Creating a column might not be a big deal
Computing a column can cause some unused overhead
The worst part is that Table Elimination cannot eliminate the parts of query plan that compute useless information.

Testcase:

create table t1 (

  group_id int,

  a int,

  b int,

  c int

);

insert into t1 select  seq/100, seq, seq, seq from seq_1_to_10000;

create table t2 (a int);

insert into t2 values (1),(2),(3);

explain

select

  T.group_id,

  T.MAXA

from

t2,

  (select

     group_id,

     max(a) as MAXA,

     sum(b) as SUMB

   from

t1

   group by group_id

  ) as T

where

 T.group_id = t2.a;

+------+-------------+------------+------+---------------+------+---------+-----------+-------+---------------------------------+

| id   | select_type | table      | type | possible_keys | key  | key_len | ref       | rows  | Extra                           |

+------+-------------+------------+------+---------------+------+---------+-----------+-------+---------------------------------+

|    1 | PRIMARY     | t2         | ALL  | NULL          | NULL | NULL    | NULL      | 3     | Using where                     |

|    1 | PRIMARY     | <derived2> | ref  | key0          | key0 | 5       | test.t2.a | 100   |                                 |

|    2 | DERIVED     | t1         | ALL  | NULL          | NULL | NULL    | NULL      | 10000 | Using temporary; Using filesort |

+------+-------------+------------+------+---------------+------+---------+-----------+-------+---------------------------------+

Note that sum(b) as SUMB is not used.

Put breakpoints in

create_tmp_table
Item_sum_sum::update_field

one can still see that the column for SUM() is created and the value is computed.
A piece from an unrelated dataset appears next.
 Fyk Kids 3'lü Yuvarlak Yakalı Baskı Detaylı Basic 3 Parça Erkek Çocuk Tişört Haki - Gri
How it affects table elimination

Add another table into the subquery:

create table t3 (

  pk int primary key,

  col int

);

insert into t3 select  seq, seq from seq_1_to_10000;

explain

select

  T.group_id,

  T.MAXA

from

t2,

  (select

     group_id,

     max(a) as MAXA,

     sum(b) as SUMB

   from

     t1 left join t3 on t3.pk=t1.c

   group by group_id

  ) as T

where

 T.group_id = t2.a;

+------+-------------+------------+------+---------------+------+---------+-----------+------+---------------------------------+

| id   | select_type | table      | type | possible_keys | key  | key_len | ref       | rows | Extra                           |

+------+-------------+------------+------+---------------+------+---------+-----------+------+---------------------------------+

|    1 | PRIMARY     | t2         | ALL  | NULL          | NULL | NULL    | NULL      | 3    | Using where                     |

|    1 | PRIMARY     | <derived2> | ref  | key0          | key0 | 5       | test.t2.a | 99   |                                 |

|    2 | DERIVED     | t1         | ALL  | NULL          | NULL | NULL    | NULL      | 9963 | Using temporary; Using filesort |

+------+-------------+------------+------+---------------+------+---------+-----------+------+---------------------------------+

Ok, t3 is eliminated.

Now, use t3.b in the SUM:

explain

select

  T.group_id,

  T.MAXA

from

t2,

  (select

     group_id,

     max(a) as MAXA,

     sum(t3.col) as SUMB

   from

     t1 left join t3 on t3.pk=t1.c

   group by group_id

  ) as T

where

 T.group_id = t2.a;

+------+-------------+------------+--------+---------------+---------+---------+-----------+------+---------------------------------+

| id   | select_type | table      | type   | possible_keys | key     | key_len | ref       | rows | Extra                           |

+------+-------------+------------+--------+---------------+---------+---------+-----------+------+---------------------------------+

|    1 | PRIMARY     | t2         | ALL    | NULL          | NULL    | NULL    | NULL      | 3    | Using where                     |

|    1 | PRIMARY     | <derived2> | ref    | key0          | key0    | 5       | test.t2.a | 99   |                                 |

|    2 | DERIVED     | t1         | ALL    | NULL          | NULL    | NULL    | NULL      | 9963 | Using temporary; Using filesort |

|    2 | DERIVED     | t3         | eq_ref | PRIMARY       | PRIMARY | 4       | test.t1.c | 1    | Using where                     |

+------+-------------+------------+--------+---------------+---------+---------+-----------+------+---------------------------------+

And now table elimination is unable to remove t3.

Attachments

Issue Links

relates to

MDEV-26278 Table elimination does not work across derived tables

Closed

Activity

Ascending order - Click to sort in descending order

Sergei Petrunia added a comment - 2023-06-08 12:55

A Description of the current solution:

Preparation: table->read_set is not set to all 1 for temporary (derived) tables.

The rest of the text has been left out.